Keurig Dr Pepper tumbles after announcing $18 billion acquisition and planned split-up of coffee business from other drinks
Keurig Dr Pepper is admitting that soft drinks and coffee don’t mix.
The beverage company announced a plan to buy Dutch-based JDE Peet’s NV for 15.7 billion euros (or roughly $18.4 billion) in an all-stock deal and then cleave itself in two, separating the newly combined company’s coffee and other refreshment drinks into stand-alone entities.
This reverses the move from about seven years ago, when the closing of the merger between Dr Pepper Snapple Group and Keurig Green Mountain created the diversified beverage giant in the first place.
Shares of Keurig Dr Pepper are down nearly 7% as of 8:25 a.m.

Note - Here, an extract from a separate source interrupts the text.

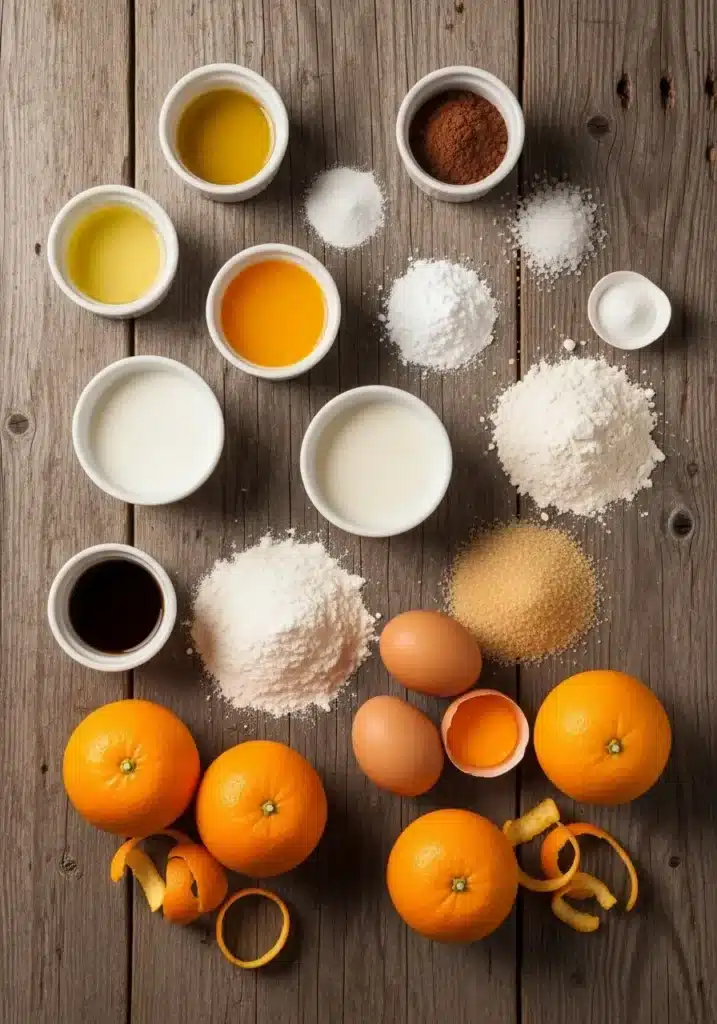 Bolo de chocolate com laranja sem glúten e sem lactose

ET, the worst performer among S&P 500 constituents.
“Upon separation, Global Coffee Co., with approximately $16 billion in combined annual net sales, will be the world’s largest pure-play coffee company,” the company said in a press release.
Management anticipates $400 million in cost savings stemming from this acquisition, and expects the deal will be additive to its bottom line in the first year of the union.
This purchase “to essentially help it divest its struggling Keurig coffee business (23% of sales) is a positive move to add focus to its strong cold beverages business,” Bloomberg Intelligence senior industry analyst Kenneth Shea wrote.